CCL:G: Share of experience, software and hardware



Dear Ibrahim,
 This page may help: www.pqs-chem.com.
 Best Regards.
  
 Olasunkanmi Lukman Olawale
 ________________________________
 Current Address:
 Department of Chemistry,
 Obafemi Awolowo University,
 Ile-Ife, Osun State.
 Nigeria.
 +234-0-80-52401564 Or +234-0-80-67161091
 ________________________________
 On Monday, 9 December 2013, 15:55, Daniel Jana dfjana . gmail.com
 <owner-chemistry_+_ccl.net> wrote:
 Sent to CCL by: Daniel Jana [dfjana_-_gmail.com]
 Hello,
 Strategy 1 - I see no problem with having multiple users using the
 same computer. Of course, physically it's hard... you tend to only
 have one keyboard and screen after all. However, once you have the
 computers on the network, nothing prevents other users from connecting
 (I assume we are talking about Linux workstations) via SSH and
 launching calculations. Through a combination of job priority and
 appropriate choice of the number of cores, the machine can be used for
 regular work (checking journals on the web, reading/writing papers,
 the occasional video on youtube because no one works 100% of the time)
 while running jobs.
 The easiest way to manage the software will be having a NFS-shared
 partition with all the software installed. This means you only install
 the software in one place, rather than locally in every machine.

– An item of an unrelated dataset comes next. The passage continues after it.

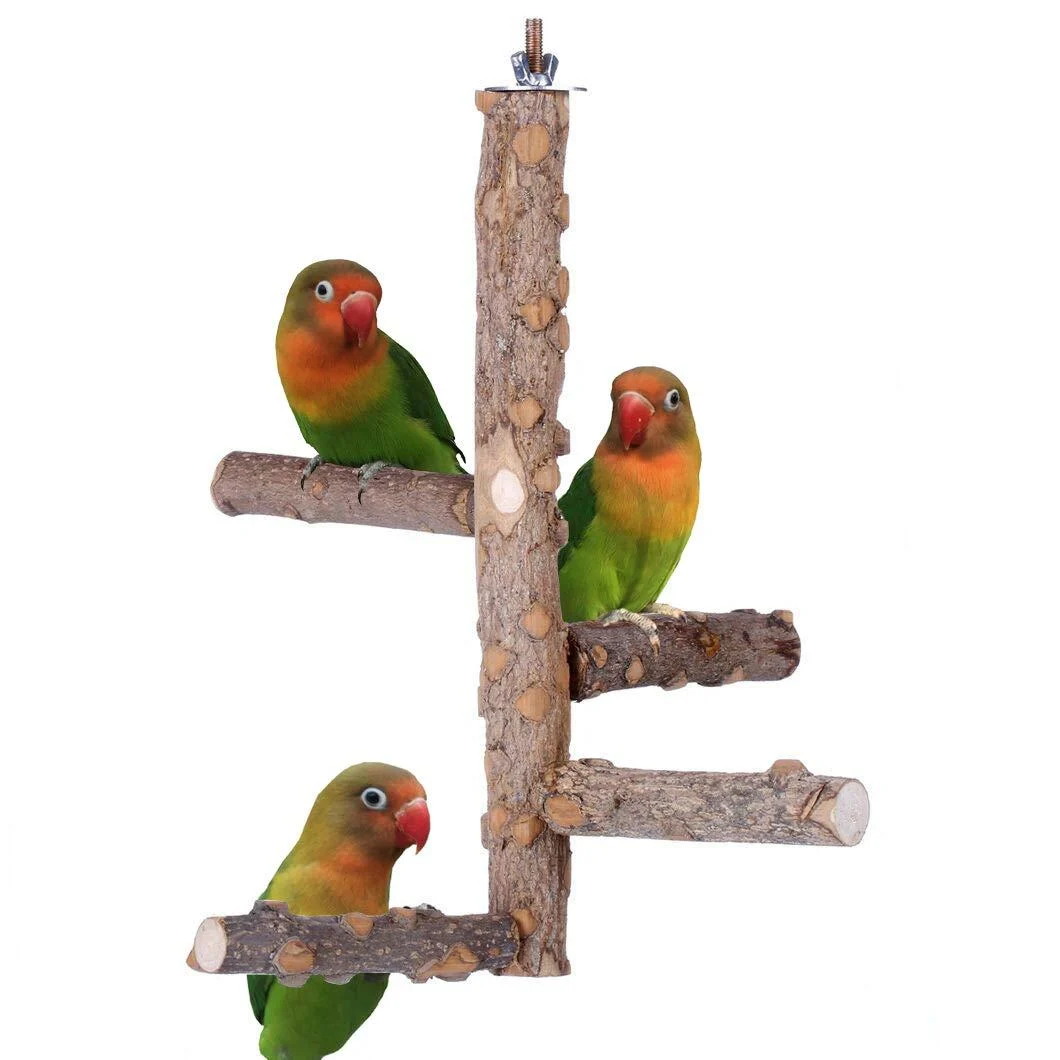 Bird Perch Nature Wood Stand for 3-4pcs Small Medium Parrots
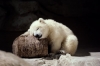 polar bear / #416983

 In this scenario, users typically check for available workstations and
 run their jobs directly on the machines. You can always go the
 extra-mile and install a scheduler so they can submit jobs to the
 queue and it runs on the first available machine. But that may be too
 much to learn in the beginning.
 Strategy 2 - Obviously having a cluster is the ideal solution, but I'm
 not sure with that budget you'll go far. Perhaps you buy computers
 > from a regular shop and not rack-ready hardware, making it a bit
 cheaper). You will still have a lot of computers in the same room
 producing heat. You have to at least consider the possibility that
 part of that money will go to buying and installing AC. If you go with
 strategy 1 you probably will have the students spread over several
 rooms so the problem becomes less obvious. And buying a rack-ready
 cluster will also mean buying a rack. With such a small budget it may
 end up not being a negligible part of your budget.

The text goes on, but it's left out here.